* Scraped caption text data *
──────
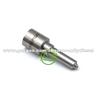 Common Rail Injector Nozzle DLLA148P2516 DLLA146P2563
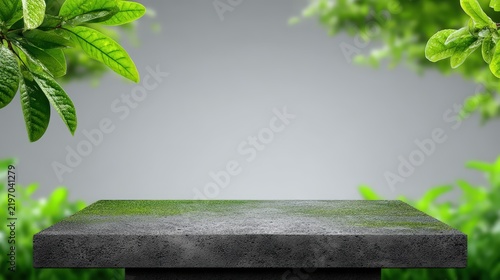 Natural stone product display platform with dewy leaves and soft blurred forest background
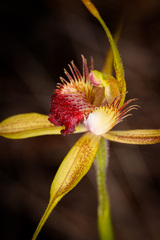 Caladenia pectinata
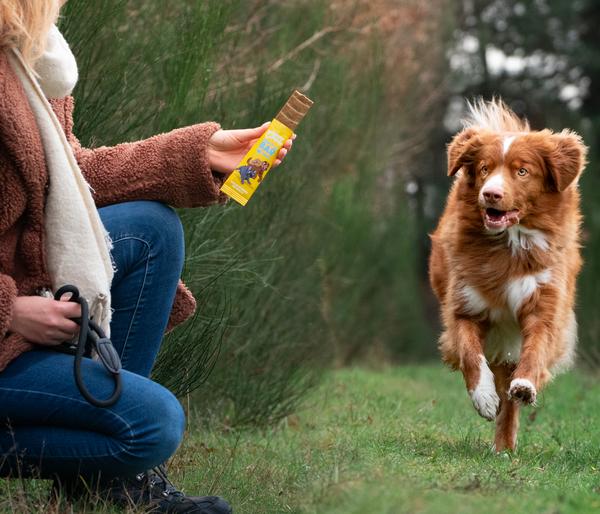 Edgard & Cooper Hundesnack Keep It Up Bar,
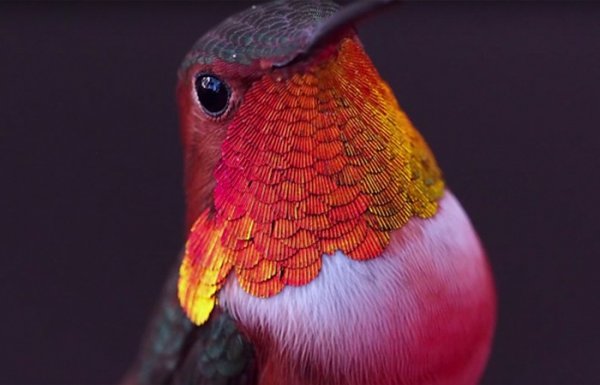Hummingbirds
──────
* Exercise *
Every line above should be transcribed exactly, though no image should be carried over.

* Written response *
 Common Rail Injector Nozzle DLLA148P2516 DLLA146P2563
 Natural stone product display platform with dewy leaves and soft blurred forest background
 Caladenia pectinata
 Edgard & Cooper Hundesnack Keep It Up Bar,
Hummingbirds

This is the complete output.